▶ _Dataset excerpts_
--- START ---

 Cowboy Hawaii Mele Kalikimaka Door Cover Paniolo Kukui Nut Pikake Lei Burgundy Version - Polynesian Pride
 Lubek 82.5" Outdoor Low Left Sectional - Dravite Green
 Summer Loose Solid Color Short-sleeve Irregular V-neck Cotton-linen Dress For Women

--- END ---
--- START ---

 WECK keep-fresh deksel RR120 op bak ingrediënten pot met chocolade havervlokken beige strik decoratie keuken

--- END ---

▶ _Your objective_
Only those lines of the entries above that run from the line containing "Cowboy Hawaii Mele" to the line containing "Summer Loose Solid", both included, should be transcribed exactly.

▶ _Task answer_
 Cowboy Hawaii Mele Kalikimaka Door Cover Paniolo Kukui Nut Pikake Lei Burgundy Version - Polynesian Pride
 Lubek 82.5" Outdoor Low Left Sectional - Dravite Green
 Summer Loose Solid Color Short-sleeve Irregular V-neck Cotton-linen Dress For Women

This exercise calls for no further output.